Reproduce the whole listing that follows, exactly as it stands.
= Beginning of Section =
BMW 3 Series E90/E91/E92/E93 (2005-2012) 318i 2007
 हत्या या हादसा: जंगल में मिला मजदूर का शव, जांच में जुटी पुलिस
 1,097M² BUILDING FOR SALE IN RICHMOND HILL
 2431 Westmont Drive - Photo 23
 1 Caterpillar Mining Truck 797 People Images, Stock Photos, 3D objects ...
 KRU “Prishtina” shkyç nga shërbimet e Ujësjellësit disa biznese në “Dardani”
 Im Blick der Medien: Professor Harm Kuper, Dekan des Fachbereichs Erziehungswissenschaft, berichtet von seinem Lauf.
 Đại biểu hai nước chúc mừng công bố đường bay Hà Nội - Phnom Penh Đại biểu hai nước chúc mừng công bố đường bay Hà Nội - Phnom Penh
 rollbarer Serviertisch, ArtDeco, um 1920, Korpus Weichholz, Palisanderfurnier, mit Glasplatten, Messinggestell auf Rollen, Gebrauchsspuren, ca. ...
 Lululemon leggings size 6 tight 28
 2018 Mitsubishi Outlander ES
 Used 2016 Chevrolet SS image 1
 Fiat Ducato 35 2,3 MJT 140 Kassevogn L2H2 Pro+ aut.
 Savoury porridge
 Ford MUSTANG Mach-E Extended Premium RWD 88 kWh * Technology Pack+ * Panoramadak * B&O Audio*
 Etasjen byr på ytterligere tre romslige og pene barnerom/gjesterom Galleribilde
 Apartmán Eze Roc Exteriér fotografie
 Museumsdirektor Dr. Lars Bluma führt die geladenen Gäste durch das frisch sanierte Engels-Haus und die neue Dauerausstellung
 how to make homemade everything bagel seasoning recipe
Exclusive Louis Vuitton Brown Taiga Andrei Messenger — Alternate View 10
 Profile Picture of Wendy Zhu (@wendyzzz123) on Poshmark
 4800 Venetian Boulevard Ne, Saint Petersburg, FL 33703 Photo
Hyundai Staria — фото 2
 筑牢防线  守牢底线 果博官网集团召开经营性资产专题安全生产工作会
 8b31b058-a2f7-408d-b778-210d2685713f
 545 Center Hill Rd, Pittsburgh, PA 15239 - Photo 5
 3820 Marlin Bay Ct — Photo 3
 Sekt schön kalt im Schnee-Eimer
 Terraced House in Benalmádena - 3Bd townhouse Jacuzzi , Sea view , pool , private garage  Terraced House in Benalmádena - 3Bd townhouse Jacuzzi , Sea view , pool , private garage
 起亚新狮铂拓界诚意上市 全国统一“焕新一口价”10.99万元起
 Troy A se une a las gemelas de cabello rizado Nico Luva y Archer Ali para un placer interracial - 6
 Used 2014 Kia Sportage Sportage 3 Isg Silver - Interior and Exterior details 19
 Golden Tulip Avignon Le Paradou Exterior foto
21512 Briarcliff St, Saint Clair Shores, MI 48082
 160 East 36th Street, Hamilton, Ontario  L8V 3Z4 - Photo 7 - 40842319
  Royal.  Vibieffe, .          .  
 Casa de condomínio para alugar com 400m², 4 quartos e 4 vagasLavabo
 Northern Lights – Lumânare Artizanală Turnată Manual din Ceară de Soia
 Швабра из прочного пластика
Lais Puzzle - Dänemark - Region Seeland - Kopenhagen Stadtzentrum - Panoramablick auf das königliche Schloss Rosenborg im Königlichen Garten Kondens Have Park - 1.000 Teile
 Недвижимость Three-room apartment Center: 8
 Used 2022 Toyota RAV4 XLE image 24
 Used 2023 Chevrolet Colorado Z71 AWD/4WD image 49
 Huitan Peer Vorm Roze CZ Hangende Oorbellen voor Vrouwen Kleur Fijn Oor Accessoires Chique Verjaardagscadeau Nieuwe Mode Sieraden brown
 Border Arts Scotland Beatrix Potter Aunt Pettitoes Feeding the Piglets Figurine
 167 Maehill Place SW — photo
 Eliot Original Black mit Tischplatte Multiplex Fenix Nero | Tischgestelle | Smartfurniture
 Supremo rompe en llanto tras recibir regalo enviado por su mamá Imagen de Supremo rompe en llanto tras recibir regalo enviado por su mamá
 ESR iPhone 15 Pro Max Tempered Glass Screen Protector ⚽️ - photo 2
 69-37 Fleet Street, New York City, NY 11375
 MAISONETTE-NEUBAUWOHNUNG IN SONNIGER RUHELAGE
= End of Section =
- **Expected answer**
BMW 3 Series E90/E91/E92/E93 (2005-2012) 318i 2007
 हत्या या हादसा: जंगल में मिला मजदूर का शव, जांच में जुटी पुलिस
 1,097M² BUILDING FOR SALE IN RICHMOND HILL
 2431 Westmont Drive - Photo 23
 1 Caterpillar Mining Truck 797 People Images, Stock Photos, 3D objects ...
 KRU “Prishtina” shkyç nga shërbimet e Ujësjellësit disa biznese në “Dardani”
 Im Blick der Medien: Professor Harm Kuper, Dekan des Fachbereichs Erziehungswissenschaft, berichtet von seinem Lauf.
 Đại biểu hai nước chúc mừng công bố đường bay Hà Nội - Phnom Penh Đại biểu hai nước chúc mừng công bố đường bay Hà Nội - Phnom Penh
 rollbarer Serviertisch, ArtDeco, um 1920, Korpus Weichholz, Palisanderfurnier, mit Glasplatten, Messinggestell auf Rollen, Gebrauchsspuren, ca. ...
 Lululemon leggings size 6 tight 28
 2018 Mitsubishi Outlander ES
 Used 2016 Chevrolet SS image 1
 Fiat Ducato 35 2,3 MJT 140 Kassevogn L2H2 Pro+ aut.
 Savoury porridge
 Ford MUSTANG Mach-E Extended Premium RWD 88 kWh * Technology Pack+ * Panoramadak * B&O Audio*
 Etasjen byr på ytterligere tre romslige og pene barnerom/gjesterom Galleribilde
 Apartmán Eze Roc Exteriér fotografie
 Museumsdirektor Dr. Lars Bluma führt die geladenen Gäste durch das frisch sanierte Engels-Haus und die neue Dauerausstellung
 how to make homemade everything bagel seasoning recipe
Exclusive Louis Vuitton Brown Taiga Andrei Messenger — Alternate View 10
 Profile Picture of Wendy Zhu (@wendyzzz123) on Poshmark
 4800 Venetian Boulevard Ne, Saint Petersburg, FL 33703 Photo
Hyundai Staria — фото 2
 筑牢防线  守牢底线 果博官网集团召开经营性资产专题安全生产工作会
 8b31b058-a2f7-408d-b778-210d2685713f
 545 Center Hill Rd, Pittsburgh, PA 15239 - Photo 5
 3820 Marlin Bay Ct — Photo 3
 Sekt schön kalt im Schnee-Eimer
 Terraced House in Benalmádena - 3Bd townhouse Jacuzzi , Sea view , pool , private garage  Terraced House in Benalmádena - 3Bd townhouse Jacuzzi , Sea view , pool , private garage
 起亚新狮铂拓界诚意上市 全国统一“焕新一口价”10.99万元起
 Troy A se une a las gemelas de cabello rizado Nico Luva y Archer Ali para un placer interracial - 6
 Used 2014 Kia Sportage Sportage 3 Isg Silver - Interior and Exterior details 19
 Golden Tulip Avignon Le Paradou Exterior foto
21512 Briarcliff St, Saint Clair Shores, MI 48082
 160 East 36th Street, Hamilton, Ontario  L8V 3Z4 - Photo 7 - 40842319
  Royal.  Vibieffe, .          .  
 Casa de condomínio para alugar com 400m², 4 quartos e 4 vagasLavabo
 Northern Lights – Lumânare Artizanală Turnată Manual din Ceară de Soia
 Швабра из прочного пластика
Lais Puzzle - Dänemark - Region Seeland - Kopenhagen Stadtzentrum - Panoramablick auf das königliche Schloss Rosenborg im Königlichen Garten Kondens Have Park - 1.000 Teile
 Недвижимость Three-room apartment Center: 8
 Used 2022 Toyota RAV4 XLE image 24
 Used 2023 Chevrolet Colorado Z71 AWD/4WD image 49
 Huitan Peer Vorm Roze CZ Hangende Oorbellen voor Vrouwen Kleur Fijn Oor Accessoires Chique Verjaardagscadeau Nieuwe Mode Sieraden brown
 Border Arts Scotland Beatrix Potter Aunt Pettitoes Feeding the Piglets Figurine
 167 Maehill Place SW — photo
 Eliot Original Black mit Tischplatte Multiplex Fenix Nero | Tischgestelle | Smartfurniture
 Supremo rompe en llanto tras recibir regalo enviado por su mamá Imagen de Supremo rompe en llanto tras recibir regalo enviado por su mamá
 ESR iPhone 15 Pro Max Tempered Glass Screen Protector ⚽️ - photo 2
 69-37 Fleet Street, New York City, NY 11375
 MAISONETTE-NEUBAUWOHNUNG IN SONNIGER RUHELAGE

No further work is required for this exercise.